Things are rarely so straightforward. As is so often the way, this painfully shy artist was, in ironic truth, more suited to his bedroom than the charts. That the third, best and warmest Owl City album, 2011's All Things Bright and Beautiful, enjoyed comparatively modest sales did solve one problem: Young wasn't going to endure the stresses brought by a mass audience. But it also created many more, not least what to do next.
Surprisingly, he's gone for the commercial jugular. Welcoming as Young's previous work was, it was always underpinned by that gentle bedroom sensibility. This time he's not so much come out of the pop closet as kicked the doors down, hence Good Time's scarf-waving, anthemic chorus; Embrace sounding like a less-camp Erasure; and Metropolis hurtling along like the long-lost New Radicals.

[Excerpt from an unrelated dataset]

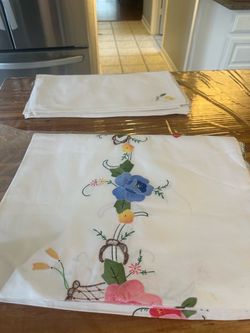 new table cloth from europe with 12 napkins handmade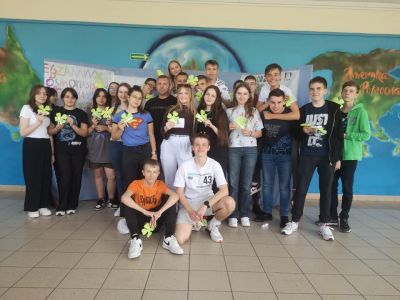 Samorzad uczniowski SIODEMKI podczas akcji trzymania kciukow za starszych kolegow i kolezanki z osmej klasy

And, while Young has never been averse to collaboration, it's still a surprise not just when Blink-182's Mark Hoppus turns up to bellow the thudding Dementia, but that Young has allowed outside producers including Stargate, soundcrafters for Shakira, Rihanna, Beyonce and, of course, S Club 7, to shape his world.
The downside to this rampant expansion of sound could have been a corresponding dip in warmth, but Young has turned out to be a smoother, less-desperate operator than you might imagine.
He has no fear of dance, and while the Stargate-helmed Shooting Star owes much to another of their creations, Katy Perry's Firework, there's a familiar touching vulnerability to the piano ballad Silhoutte ("I can't put to bed these phobias and fears") and Take It All Away, his most musically daring moment.
If this gamble works, Owl City will be huge again and, this time, Young sounds like he wants it. If the downwards spiral continues, he's still made a brave and bold addition to what is increasingly looking like a catalogue to relish.